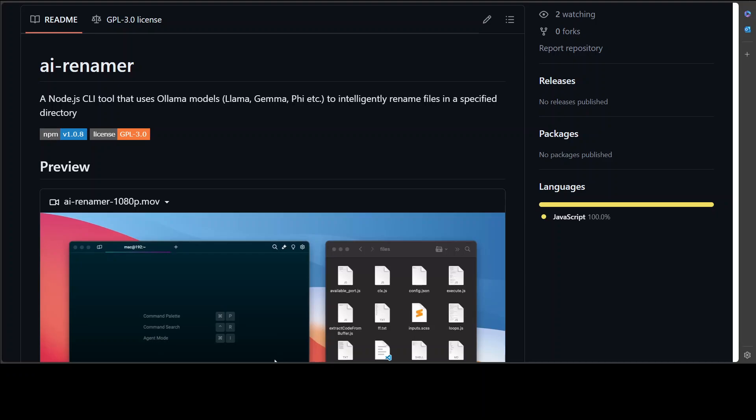It is so good to see people using AI for useful purposes. In this video I am going to show you a nifty little tool called AI Renamer, which has just been created. As you can see on its GitHub repo, it is a small Node.js-based CLI tool that uses free models from Ollama, and you can use any model from Ollama to rename files in a specified directory with the help of AI.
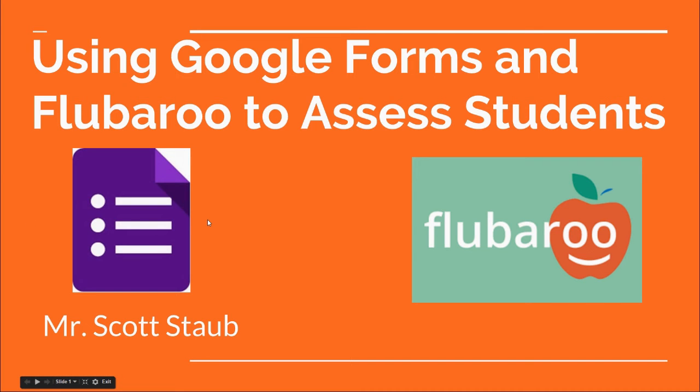In this presentation, I'm going to show you how to use Google Forms and the add-on called Flubaroo to assess students. It's very easy and relatively quick, especially if you understand Google Forms.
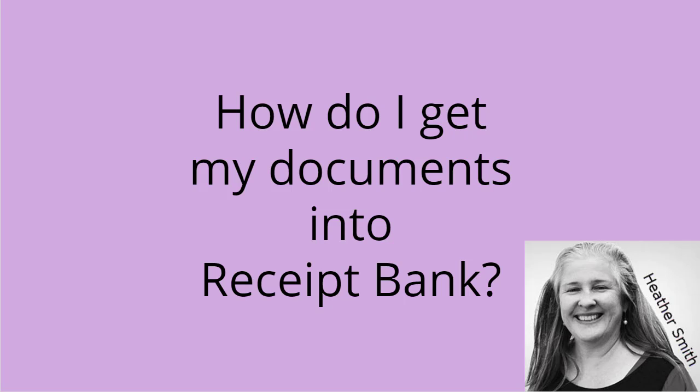Hi, it's Heather Smith here. Today I'm going to run through some tips on how I actually use Receipt Bank in my business in order to help you either start using Receipt Bank or improve your efficiency using Receipt Bank in your practice or with your clients.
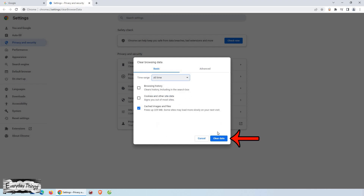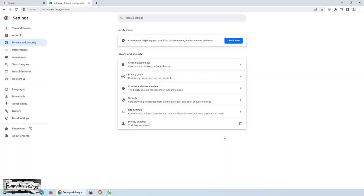Once you've made your selections, click on Clear Data. Chrome will then start clearing the cache based on your chosen preferences. And that's it! You've successfully cleared the cache in Google Chrome.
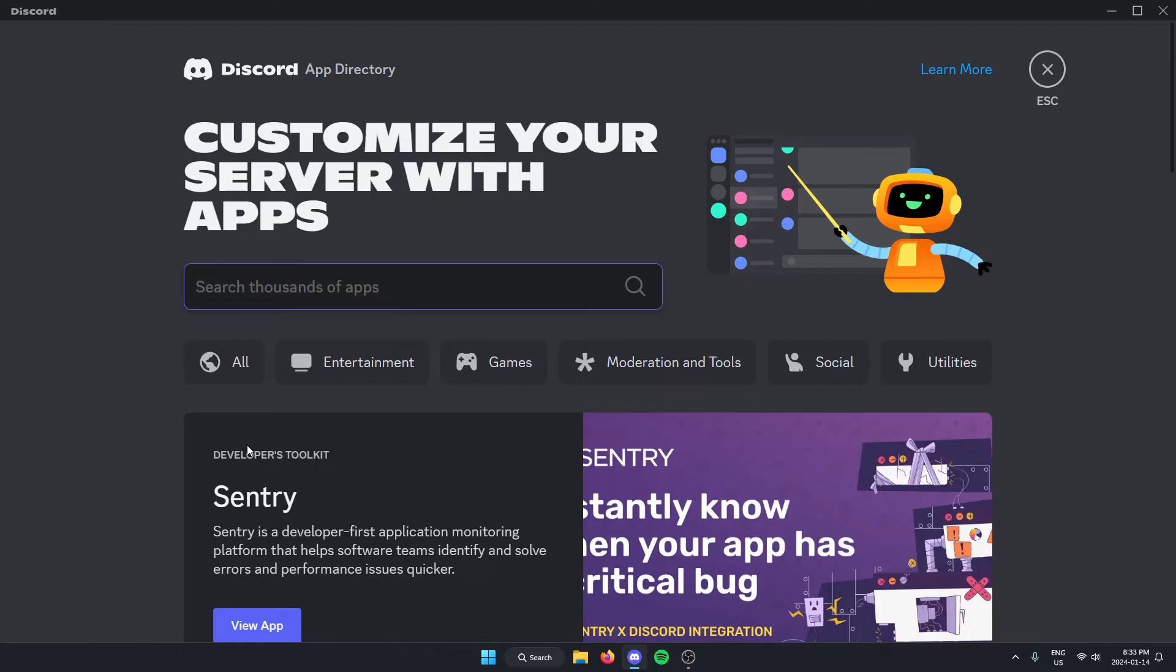Once you're in the App Directory, in the search bar, you're going to search for Jockey Music and then hit Enter to Search.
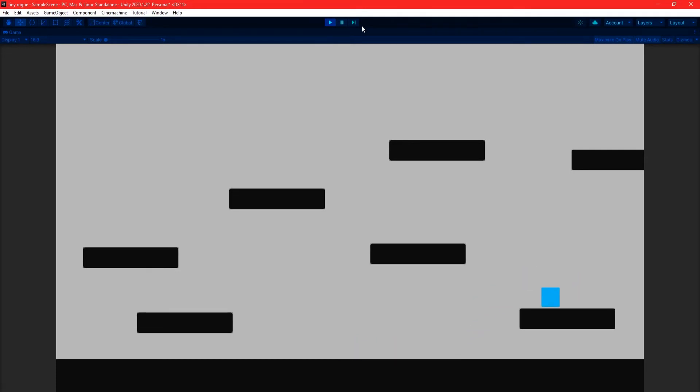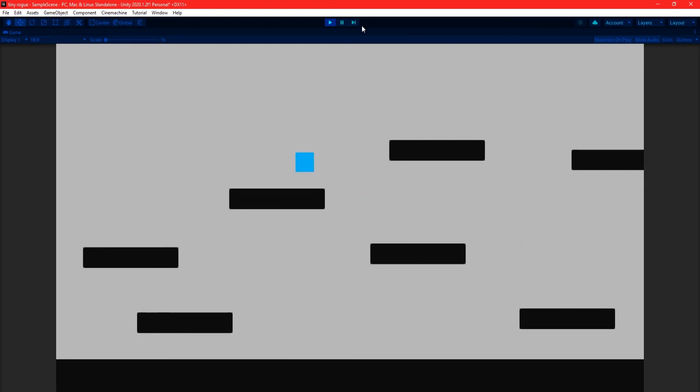And that's it — a simple way to make a platformer controller in Unity. Now keep in mind this is just one of the many ways to do it; I just found this was the most simple way. If there are any other tutorials you want to see from me, let me know. Thanks for watching and I'll see you in the next one.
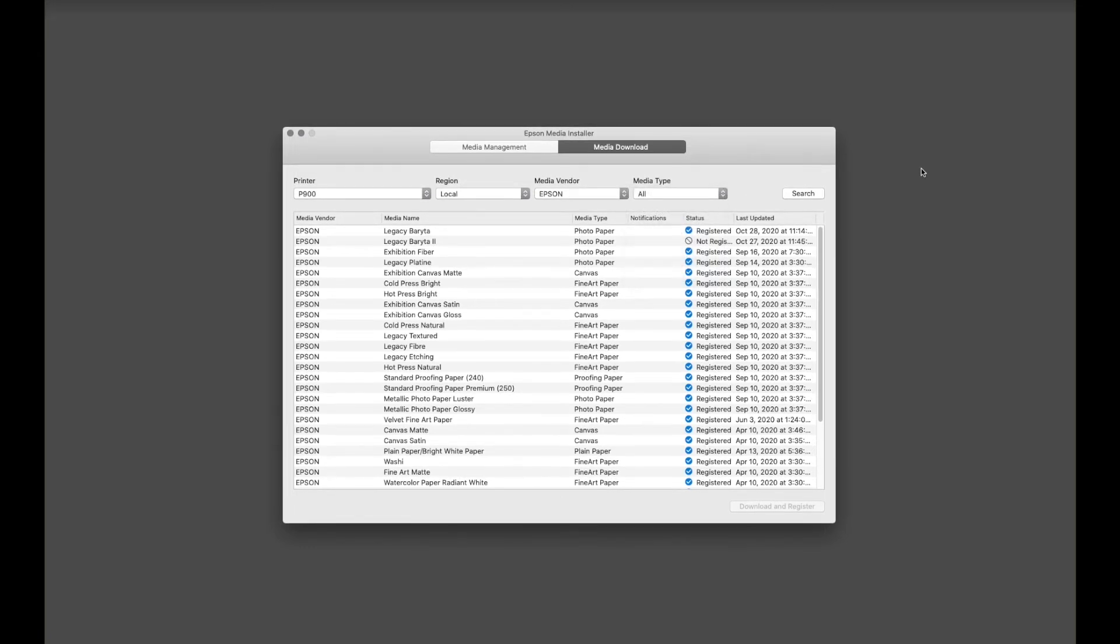One of the advantages of Epson Media Installer is that if there is a new paper type, or if there's an update to a profile, under Media Download, it will appear, but it will be not registered.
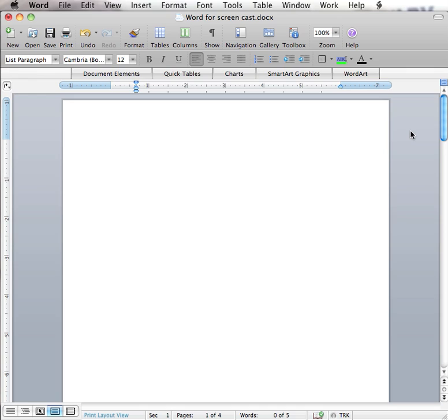As Microsoft states, quote, SmartArt graphics quickly create designer quality diagrams, charts and other informational graphics. SmartArt graphics can be used to provide information easily in a visual representation.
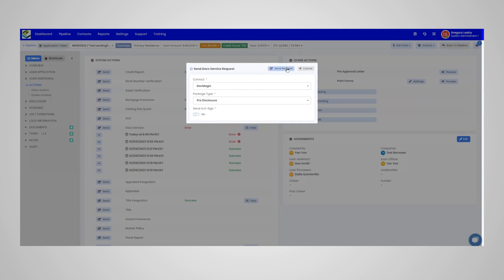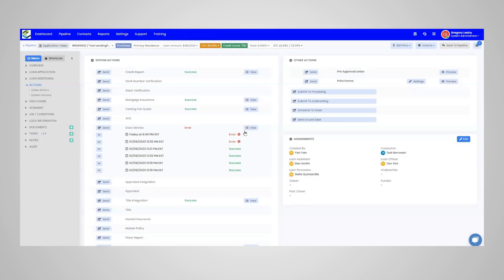Last but not least, go ahead and click Send Request and the doc package will run right here within LendingPad.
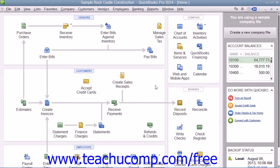QuickBooks allows you to create invoices from estimates either by transferring the entire estimate amount to an invoice, or by billing only a portion or percentage of the estimate amount over several invoices. The ability to bill for only a percentage of the estimate, or for various amounts of selected items within an estimate, is called progress invoicing or partial billing.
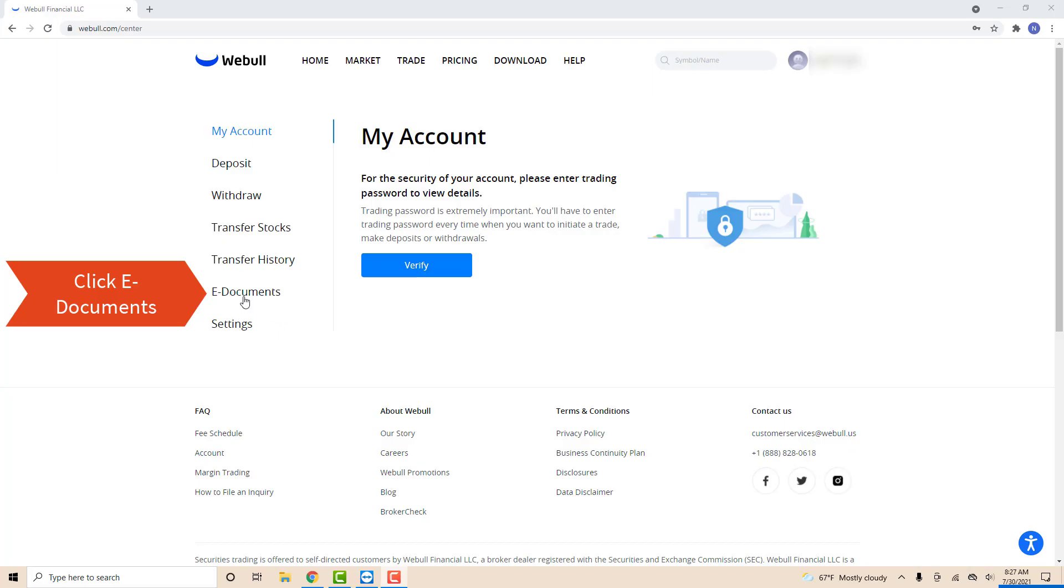Once you're signed in, you will see several options on the left side menu. Click on the option that says e-documents.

++++++++++++++++++++

» **About this task**:
Each record should be written out again exactly, though without its pictures.

» **Completed exercise**:
It is so good to see people using AI for useful purposes. In this video I am going to show you a nifty little tool called AI Renamer, which has just been created. As you can see on its GitHub repo, it is a small Node.js-based CLI tool that uses free models from Ollama, and you can use any model from Ollama to rename files in a specified directory with the help of AI.
In this presentation, I'm going to show you how to use Google Forms and the add-on called Flubaroo to assess students. It's very easy and relatively quick, especially if you understand Google Forms.
Hi, it's Heather Smith here. Today I'm going to run through some tips on how I actually use Receipt Bank in my business in order to help you either start using Receipt Bank or improve your efficiency using Receipt Bank in your practice or with your clients.
Once you've made your selections, click on Clear Data. Chrome will then start clearing the cache based on your chosen preferences. And that's it! You've successfully cleared the cache in Google Chrome.
Once you're in the App Directory, in the search bar, you're going to search for Jockey Music and then hit Enter to Search.
And that's it — a simple way to make a platformer controller in Unity. Now keep in mind this is just one of the many ways to do it; I just found this was the most simple way. If there are any other tutorials you want to see from me, let me know. Thanks for watching and I'll see you in the next one.
One of the advantages of Epson Media Installer is that if there is a new paper type, or if there's an update to a profile, under Media Download, it will appear, but it will be not registered.
As Microsoft states, quote, SmartArt graphics quickly create designer quality diagrams, charts and other informational graphics. SmartArt graphics can be used to provide information easily in a visual representation.
Last but not least, go ahead and click Send Request and the doc package will run right here within LendingPad.
QuickBooks allows you to create invoices from estimates either by transferring the entire estimate amount to an invoice, or by billing only a portion or percentage of the estimate amount over several invoices. The ability to bill for only a percentage of the estimate, or for various amounts of selected items within an estimate, is called progress invoicing or partial billing.
Once you're signed in, you will see several options on the left side menu. Click on the option that says e-documents.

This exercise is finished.